Il pensait que vivre la vie artistique signifiait un dévouement total à la peinture, rendant tout le reste secondaire. Il est allé à l’Académie des Beaux-Arts de Pennsylvanie pour étudier la peinture, et il était entièrement dévoré par elle. Selon ses propres mots : « Je n’avais aucun intérêt pour le cinéma. J’allais parfois voir un film, mais je ne voulais vraiment que peindre. » La première fois qu’il a envisagé de passer au cinéma, c’était un jour où il travaillait sur un tableau à l’académie. Le tableau représentait un jardin de nuit, avec beaucoup de noir et des plantes vertes émergeant de l’obscurité. Soudain, les plantes ont commencé à bouger et il a entendu un son, qui était le vent, émergeant des plantes.

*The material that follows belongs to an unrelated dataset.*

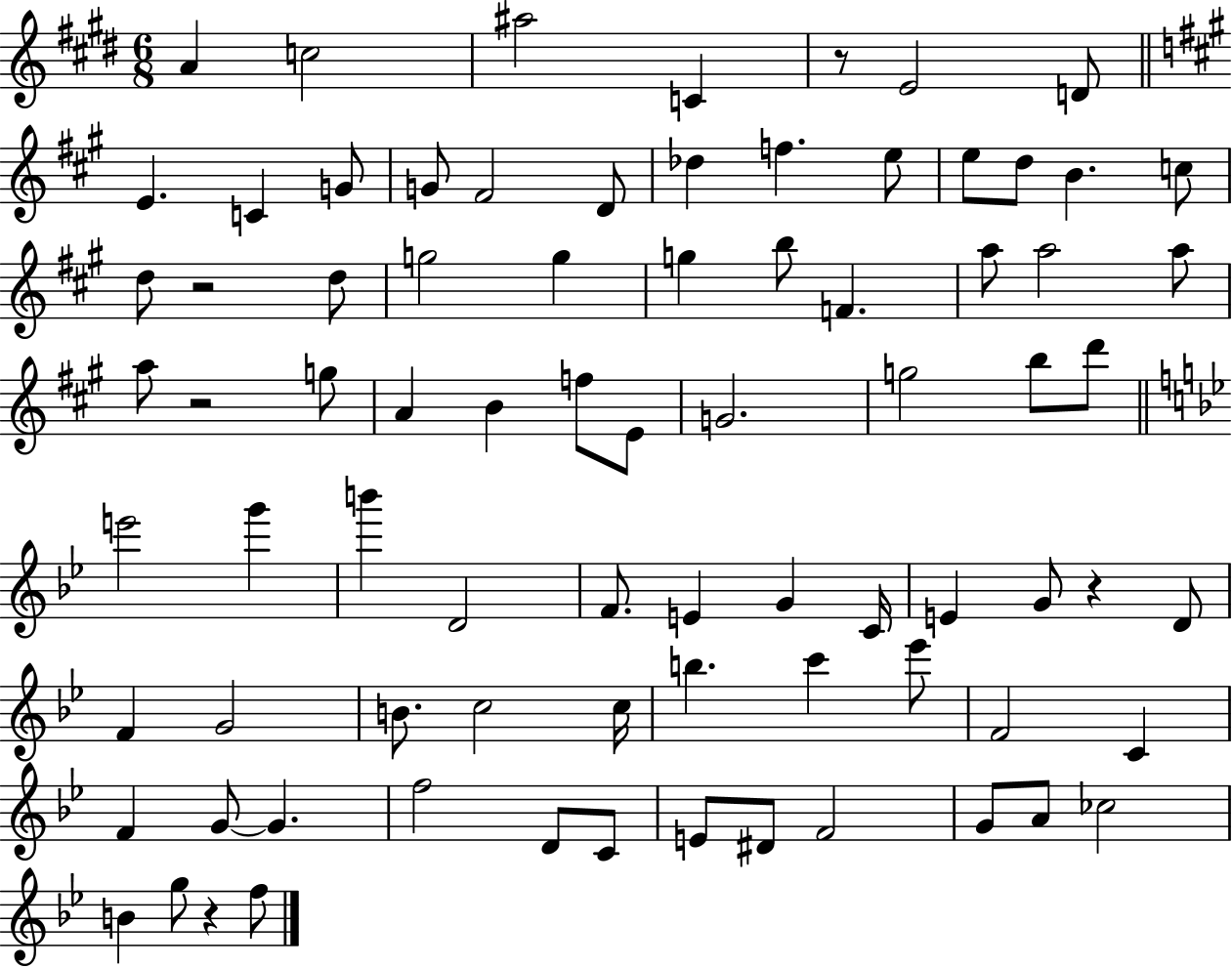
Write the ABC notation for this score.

Cette expérience l’a marqué et l’a amené à se demander si le cinéma pouvait être un moyen de faire bouger les peintures.
Six Men Getting Sick
La première incursion de Lynch dans le cinéma, après cette expérience avec sa peinture, a lieu à la fin de l’année scolaire, lorsqu’il décide de réaliser réellement une « peinture en mouvement ». Il construit un écran sculpté et y projette un film d’animation en stop-motion, intitulé Six Men Getting Sick (1966). Le film montre six personnages masculins en train de tomber malade et de vomir, avec un compte à rebours comme élément audio. Lorsqu’un étudiant plus âgé a vu le projet et a demandé à Lynch d’en construire un pour sa maison, le bal a commencé à rouler et, petit à petit, Lynch est tombé profondément amoureux du cinéma. Pourtant, tout au long de sa carrière cinématographique follement réussie, il n’a jamais complètement abandonné la peinture. Il a simplement tout fait.

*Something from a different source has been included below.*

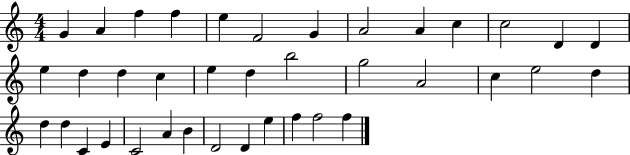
G4/q A4/q F5/q F5/q E5/q F4/h G4/q A4/h A4/q C5/q C5/h D4/q D4/q E5/q D5/q D5/q C5/q E5/q D5/q B5/h G5/h A4/h C5/q E5/h D5/q D5/q D5/q C4/q E4/q C4/h A4/q B4/q D4/h D4/q E5/q F5/q F5/h F5/q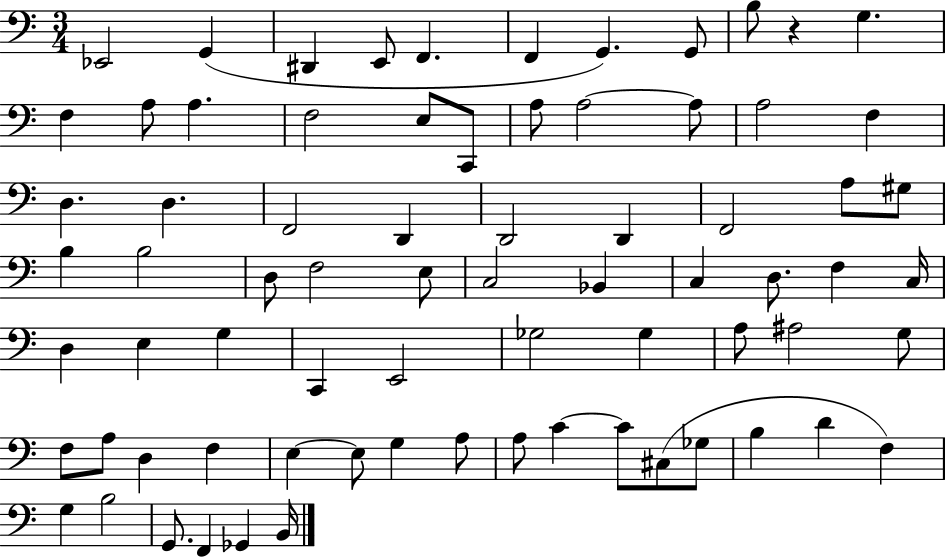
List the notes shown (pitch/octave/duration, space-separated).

Eb2/h G2/q D#2/q E2/e F2/q. F2/q G2/q. G2/e B3/e R/q G3/q. F3/q A3/e A3/q. F3/h E3/e C2/e A3/e A3/h A3/e A3/h F3/q D3/q. D3/q. F2/h D2/q D2/h D2/q F2/h A3/e G#3/e B3/q B3/h D3/e F3/h E3/e C3/h Bb2/q C3/q D3/e. F3/q C3/s D3/q E3/q G3/q C2/q E2/h Gb3/h Gb3/q A3/e A#3/h G3/e F3/e A3/e D3/q F3/q E3/q E3/e G3/q A3/e A3/e C4/q C4/e C#3/e Gb3/e B3/q D4/q F3/q G3/q B3/h G2/e. F2/q Gb2/q B2/s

Le chien le plus en colère du monde
Pendant qu’il travaillait sur son premier film, Eraserhead, Lynch a eu l’idée de la bande dessinée Le chien le plus en colère du monde. Il a dessiné un petit chien qui avait l’air en colère, et a commencé à le regarder en se demandant pourquoi il était en colère. Puis il a fait une bande de quatre cases où le chien ne bougeait jamais. Trois panneaux se déroulaient le jour, un la nuit. Le temps passe, mais le chien ne bouge pas. Lynch explique : « J’ai été frappé par le fait que c’est l’environnement qui provoque la colère – c’est ce qui se passe dans l’environnement. Il entend des choses venant de la maison. Ou quelque chose se passe de l’autre côté de la clôture, ou une sorte de condition météorologique. » Finalement, il a décidé que ce qui serait intéressant, ce serait des ballons de dialogue venant de l’intérieur de la maison, avec le chien à l’extérieur. La bande a été publiée une fois par semaine pendant neuf ans par le L.A. Weekly et plus tard par le Baltimore Sun également.